It was a cold and snowy day on Vermont’s Middlebury College campus, and the students were getting ready for the annual Winter Carnival. But inside Mr. Up’s, a popular local restaurant, there was trouble. A police officer walked up to the part-time bartender and told him there was a problem with his car. When they went outside, the officer arrested John Zaccaro Jr., 22, son of Geraldine Ferraro, the 1984 Democratic vice-presidential candidate. The charge: selling an undercover cop $25 worth of cocaine, a felony that could carry a fine of $5,000 or five years in jail or both.
Police claim that young Zaccaro had been dealing since 1983. A search of his car and white clapboard off-campus house allegedly provided some damning evidence: six to eight grams of cocaine with a street value of $600 to $800, about $1,600 in cash and drug-related paraphernalia. “He took a year off when he was on the campaign trail with his mother,” Middlebury police sergeant David Wemette told reporters. “He was a dealer when he came back. He had been a dealer for quite some time.”

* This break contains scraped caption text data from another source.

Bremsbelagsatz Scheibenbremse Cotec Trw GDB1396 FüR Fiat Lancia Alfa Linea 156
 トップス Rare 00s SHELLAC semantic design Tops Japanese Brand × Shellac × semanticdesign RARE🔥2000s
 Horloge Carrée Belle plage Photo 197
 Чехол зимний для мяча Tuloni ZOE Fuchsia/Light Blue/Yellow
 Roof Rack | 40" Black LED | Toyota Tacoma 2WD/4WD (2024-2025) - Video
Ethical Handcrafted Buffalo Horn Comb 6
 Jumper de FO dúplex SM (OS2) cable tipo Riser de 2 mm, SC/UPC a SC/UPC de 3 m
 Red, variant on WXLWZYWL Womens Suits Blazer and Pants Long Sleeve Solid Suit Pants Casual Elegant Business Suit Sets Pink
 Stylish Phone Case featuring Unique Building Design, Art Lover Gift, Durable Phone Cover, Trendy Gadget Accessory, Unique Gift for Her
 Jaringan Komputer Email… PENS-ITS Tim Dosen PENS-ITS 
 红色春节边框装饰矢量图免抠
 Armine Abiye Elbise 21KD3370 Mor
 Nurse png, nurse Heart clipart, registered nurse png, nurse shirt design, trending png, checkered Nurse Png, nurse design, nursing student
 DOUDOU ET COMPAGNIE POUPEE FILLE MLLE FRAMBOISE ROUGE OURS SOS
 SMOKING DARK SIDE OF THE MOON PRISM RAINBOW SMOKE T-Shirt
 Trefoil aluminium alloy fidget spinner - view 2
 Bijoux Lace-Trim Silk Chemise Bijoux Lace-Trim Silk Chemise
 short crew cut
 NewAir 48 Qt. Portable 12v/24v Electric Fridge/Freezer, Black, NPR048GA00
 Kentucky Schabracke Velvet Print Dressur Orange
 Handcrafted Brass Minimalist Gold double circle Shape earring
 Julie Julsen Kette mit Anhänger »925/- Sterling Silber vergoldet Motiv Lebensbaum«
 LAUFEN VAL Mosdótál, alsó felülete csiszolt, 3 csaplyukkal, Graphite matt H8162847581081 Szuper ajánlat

In fact, Zaccaro’s alleged drug dealing seemed to be an open secret on campus. Last year, in an April Fool’s issue of the campus newspaper, young John’s photo appeared in an ad spoofing his mother’s commercial for Pepsi-Cola. “My mom may drink Pepsi,” said the ad, “but I like COKE.” And around the campus, Zaccaro had earned the nickname the “Pharmacist.”
Ferraro was in Hawaii on a speaking tour when news of her son’s bust came. Her husband, John Zaccaro Sr., who narrowly avoided jail a year ago after pleading guilty to a realty fraud scheme, was unable to fly to his son’s side because of a blizzard in New York. Only the other students seemed unconcerned: Three days after the arrest they put on a skit for Winter Carnival called “Miami Vice on Ice.” It featured a mock shoot-out and drug bust.